Отсюда та огромная роль, которую в фольклоре всегда играет похищение. В обряде волшебное средство дается, и возвращение происходит мирным путем. В мифе оно часто уже похищается, и возвращение принимает форму бегства. Миф живет дольше, чем обряд, и перерождается в сказку. Замена награждения или одаривания похищением показывает, что собственнические отношения вступили в противоречие с первоначальным коммунизмом, с отсутствием собственности. Герой отнимает собственность у ее владельца, потустороннего существа, впоследствии — бога, и приносит ее людям и дает ее им в собственность. Недаром именно Гермес, посредник между двумя мирами, вместе с тем есть вор, и он же позже — покровитель торговли.
Но наряду с этим похищением, связанным с бегством, сказка сохраняет мирную передачу волшебного средства ягой и возвращения без всякого бегства, довольно точно отражая обряд.
Глава X. Сказка как целое
1.
Беглый ретроспективный взгляд на рассмотренные источники показывает, что многие из сказочных мотивов восходят к различным социальным институтам, среди них особое место занимает обряд посвящения. Далее мы видим, что большую роль играют представления о загробном мире, о путешествиях в иной мир. Эти два цикла дают количественно максимальное число мотивов. Кроме того, некоторые мотивы имеют иное происхождение.
Если перечислить добытые результаты, расположив их по источникам или историческим соответствиям, то мы получим следующую картину. К комплексу посвящения восходят следующие мотивы: увод или изгнание детей в лес или похищение их лесным духом, избушка, запродажа, избиение героев ягой, обрубание пальца, показывание оставшимся мнимых знаков смерти, печь яги, разрубание и оживление, проглатывание и извергание, получение волшебного средства или волшебного помощника, травестизм, лесной учитель и хитрая наука.
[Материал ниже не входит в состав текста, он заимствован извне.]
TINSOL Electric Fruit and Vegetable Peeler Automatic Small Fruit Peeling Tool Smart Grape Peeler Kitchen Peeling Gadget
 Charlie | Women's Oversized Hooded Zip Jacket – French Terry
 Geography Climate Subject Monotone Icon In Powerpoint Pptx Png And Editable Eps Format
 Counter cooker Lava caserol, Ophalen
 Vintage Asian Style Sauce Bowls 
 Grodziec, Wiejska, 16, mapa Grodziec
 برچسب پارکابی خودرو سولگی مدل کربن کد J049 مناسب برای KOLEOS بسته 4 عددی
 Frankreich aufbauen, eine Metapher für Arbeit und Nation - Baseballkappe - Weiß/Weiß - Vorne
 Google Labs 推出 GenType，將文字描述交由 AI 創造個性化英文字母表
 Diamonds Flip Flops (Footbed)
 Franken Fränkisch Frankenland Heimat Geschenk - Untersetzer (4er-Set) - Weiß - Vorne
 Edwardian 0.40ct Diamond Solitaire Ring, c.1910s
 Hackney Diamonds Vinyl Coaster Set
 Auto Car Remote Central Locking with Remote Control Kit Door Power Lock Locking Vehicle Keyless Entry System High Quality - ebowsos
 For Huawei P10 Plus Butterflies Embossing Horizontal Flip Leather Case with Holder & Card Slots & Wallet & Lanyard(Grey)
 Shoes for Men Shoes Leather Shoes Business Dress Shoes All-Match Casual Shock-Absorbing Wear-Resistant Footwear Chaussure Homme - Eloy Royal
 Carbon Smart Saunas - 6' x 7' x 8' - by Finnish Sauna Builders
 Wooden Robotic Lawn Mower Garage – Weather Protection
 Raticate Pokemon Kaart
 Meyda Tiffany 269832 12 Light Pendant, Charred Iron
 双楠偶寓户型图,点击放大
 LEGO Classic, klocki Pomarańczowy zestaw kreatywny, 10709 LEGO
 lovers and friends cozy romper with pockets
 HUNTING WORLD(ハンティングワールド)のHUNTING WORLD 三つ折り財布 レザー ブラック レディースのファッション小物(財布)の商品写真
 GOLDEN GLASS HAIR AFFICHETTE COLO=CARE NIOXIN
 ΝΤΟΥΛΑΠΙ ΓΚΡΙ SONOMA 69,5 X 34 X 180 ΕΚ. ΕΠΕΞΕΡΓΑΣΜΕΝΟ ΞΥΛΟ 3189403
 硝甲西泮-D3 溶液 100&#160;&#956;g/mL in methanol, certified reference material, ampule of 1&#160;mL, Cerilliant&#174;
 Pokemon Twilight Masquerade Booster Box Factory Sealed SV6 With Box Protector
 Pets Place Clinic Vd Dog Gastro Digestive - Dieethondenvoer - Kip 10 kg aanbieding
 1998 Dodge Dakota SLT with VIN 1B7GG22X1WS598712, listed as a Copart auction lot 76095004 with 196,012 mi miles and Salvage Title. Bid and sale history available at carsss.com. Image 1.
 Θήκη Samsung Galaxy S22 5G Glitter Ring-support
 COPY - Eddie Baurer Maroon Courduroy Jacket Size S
Последующий период до вступления в брак и момент возвращения отражены в мотивах «большого дома», накрытого стола в нем, охотников, разбойников, сестрички, красавицы в гробу, красавицы в чудесном саду и дворце (Психея), в мотивах неумойки, мужа на свадьбе жены, жены на свадьбе мужа, запретного чулана и некоторых других.
Эти соответствия позволяют нам утверждать, что цикл инициации — древнейшая основа сказки. Все эти мотивы, взятые в целом, могут слагаться в бесчисленное множество самых разнообразных сказок.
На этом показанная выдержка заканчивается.